* GIVEN INFORMATION
┌──
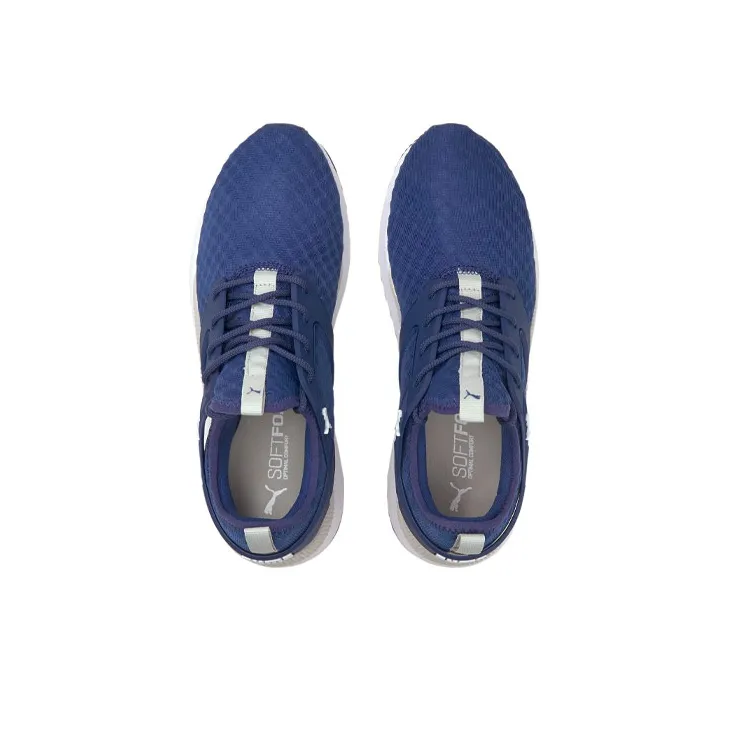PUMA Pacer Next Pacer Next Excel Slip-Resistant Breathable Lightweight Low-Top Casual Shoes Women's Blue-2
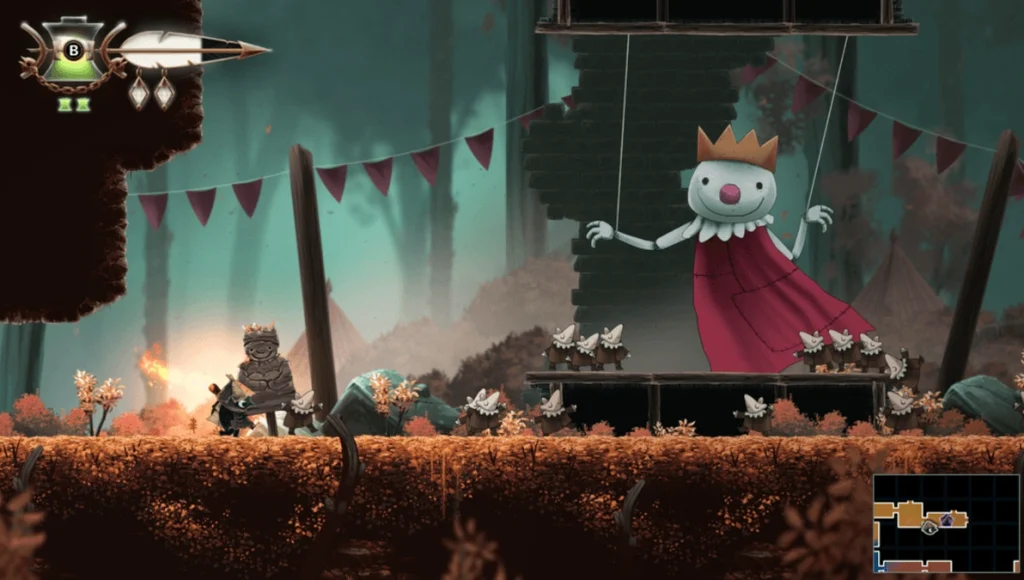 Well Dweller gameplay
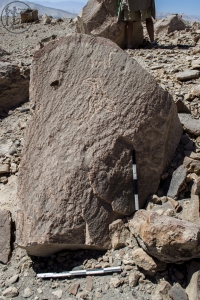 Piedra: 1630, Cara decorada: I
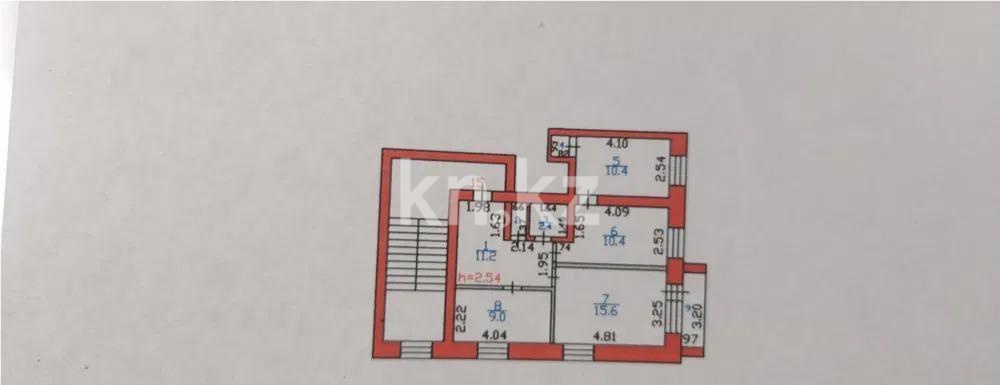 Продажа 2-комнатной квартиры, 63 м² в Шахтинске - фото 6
└──
* REQUIRED WORK
Beginning with the line that contains "Well Dweller gameplay", repeat every remaining line of the data exactly, the last line included, and omit pictures.

* TASK SOLUTION
 Well Dweller gameplay
 Piedra: 1630, Cara decorada: I
 Продажа 2-комнатной квартиры, 63 м² в Шахтинске - фото 6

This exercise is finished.